All configuration is stored in .terminalphone/ relative to the script location:

.terminalphone/
  tor_data/            Tor data directory and hidden service keys
  audio/               Temporary audio files (cleaned on exit)
  pids/                Process ID tracking
  shared_secret        Encrypted shared secret file
  torrc                Generated Tor configuration

Default audio parameters (defined at the top of the script):

Parameter	Default	Description
`LISTEN_PORT`	7777	TCP port for incoming connections
`TOR_SOCKS_PORT`	9050	Tor SOCKS proxy port
`OPUS_BITRATE`	16	Opus encoding bitrate in kbps
`CIPHER`	aes-256-cbc	Encryption cipher (configurable via Settings)
`SNOWFLAKE_ENABLED`	0	Snowflake bridge for censorship circumvention
`AUTO_LISTEN`	0	Auto-listen for calls when Tor starts
`PTT_KEY`	SPACE	Push-to-talk key (configurable via Settings)
`VOL_PTT`	0	Volume-down double-tap PTT, Termux only (experimental)
`EXCLUDE_NODES`	(empty)	Tor ExcludeNodes country list (e.g. `{US},{GB}`)
`HMAC_AUTH`	0	HMAC-sign all protocol messages (optional, both sides must match)
`OVERWRITE_DELETE`	0	Overwrite temp files with random data before deletion (off by default)
`PTT_CHIME`	off	PTT notification chime preset (off, tone, double, chirp, ding, click, custom)
`SINGLE_HOP`	0	Single-hop Tor mode for lower latency (disables server anonymity)
`SAMPLE_RATE`	8000	Audio sample rate in Hz
`CHUNK_DURATION`	1	Duration for audio test chunks in seconds

Troubleshooting

Tor fails to bootstrap: Check the Tor log at .terminalphone/tor_data/tor.log. Common causes include clock skew, network restrictions blocking Tor, or another Tor instance using the same SOCKS port.

No audio on Termux: Verify that the Termux:API app is installed from F-Droid (not just the termux-api package). Grant microphone permissions to the Termux:API app in Android settings. Run the audio loopback test (option 5) to verify.

ffmpeg installation fails on Termux: Run pkg upgrade before installing dependencies. The installer does this automatically, but if you installed packages manually, outdated shared libraries can cause linking errors.

Audio test works but calls are silent: Confirm that both parties are using the same shared secret. Mismatched secrets will result in decryption failure with no error message -- the call connects but no audio is heard.

Snowflake bridge is slow to connect: Snowflake routes traffic through WebRTC proxies, which adds extra bootstrapping time. It is normal for Tor to take 30--60 seconds (or more) to reach 100% when Snowflake is enabled. The script will display a patience notice during bootstrap.

First Tor bootstrap is slow: On first launch, Tor must download the full network consensus from scratch, which can take a minute or two. The script detects this and displays a notice. The bootstrap timeout is automatically extended from 120 to 300 seconds on first run. Subsequent launches use cached consensus data and are much faster.

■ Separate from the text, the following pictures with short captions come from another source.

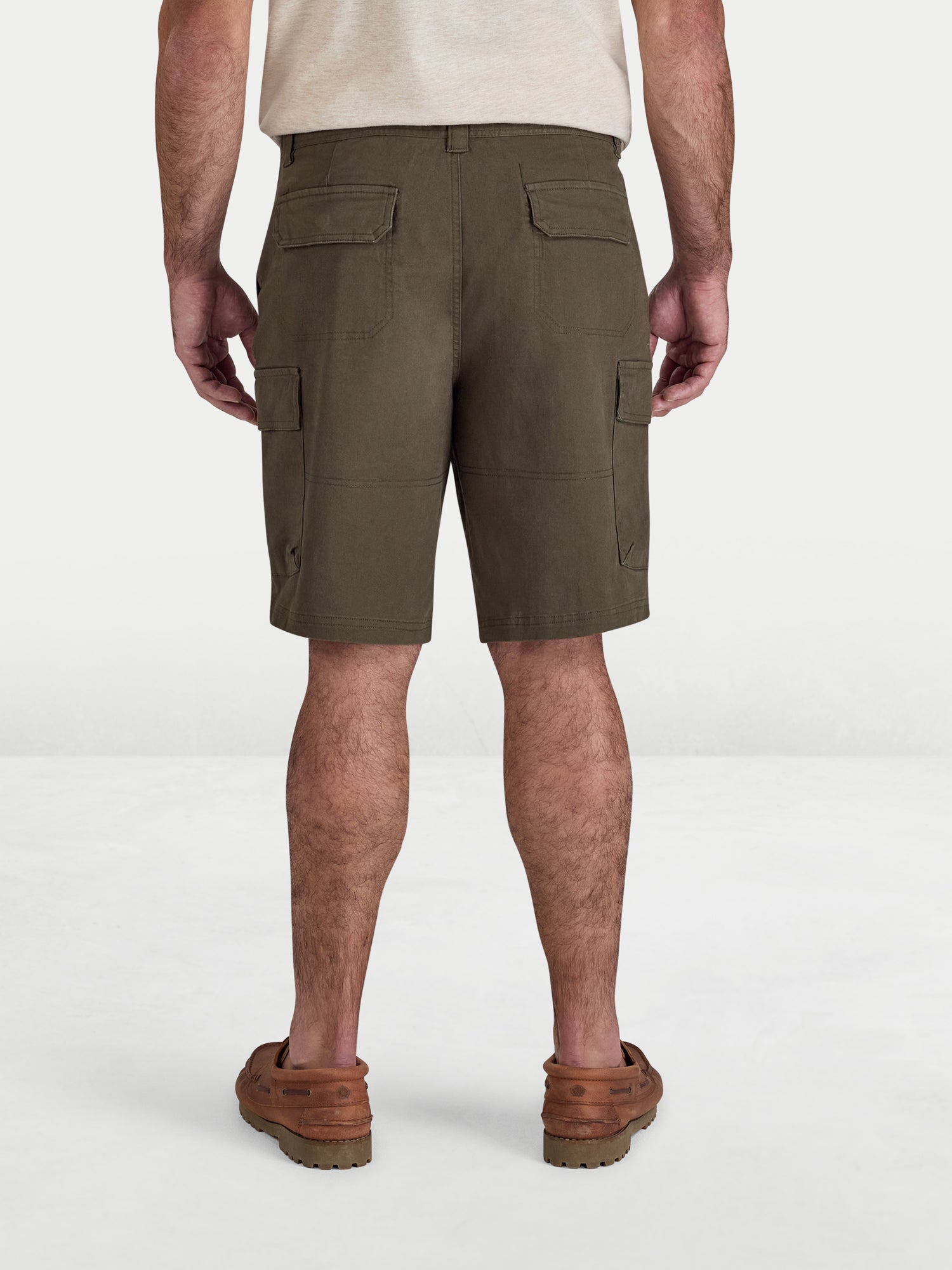 Person wearing olive green cargo shorts on a white background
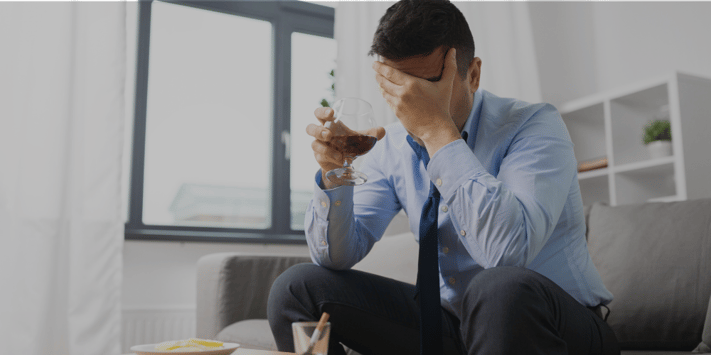 depressed man drinking alcohol
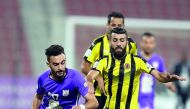 Action from the Amir Cup match between Qatar SC and Muaither at the Grand Hamad Stadium yesterday.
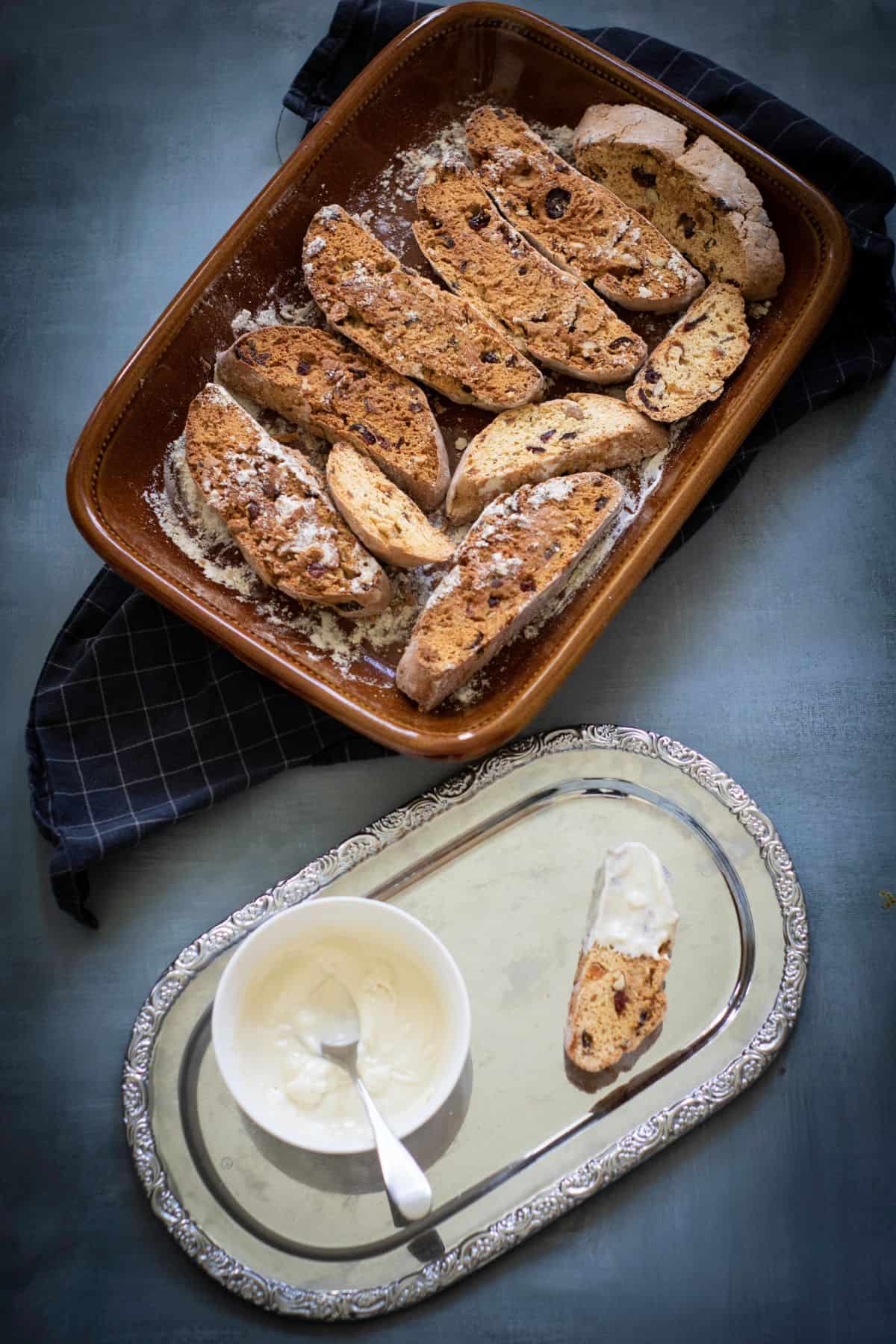 Biscotti log being sliced with a serrated knife in a baking dish, with a small bowl of melted white chocolate and a single biscotti dipped in it.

Hang up does not return to menu: If the script hangs after pressing Q, press Ctrl+C to force cleanup and return to the shell.

Cannot install under Rosetta 2 in ARM default prefix on macOS: This happens on Apple Silicon when the terminal is running under Rosetta 2 (an x86_64 process) but Homebrew lives in the native ARM prefix (/opt/homebrew). The dependency installer (option 7) now detects this and automatically reruns brew under arch -arm64. If you are installing packages manually, prefix them yourself: arch -arm64 brew install <pkg>. Alternatively, launch the script natively with arch -arm64 bash terminalphone.sh.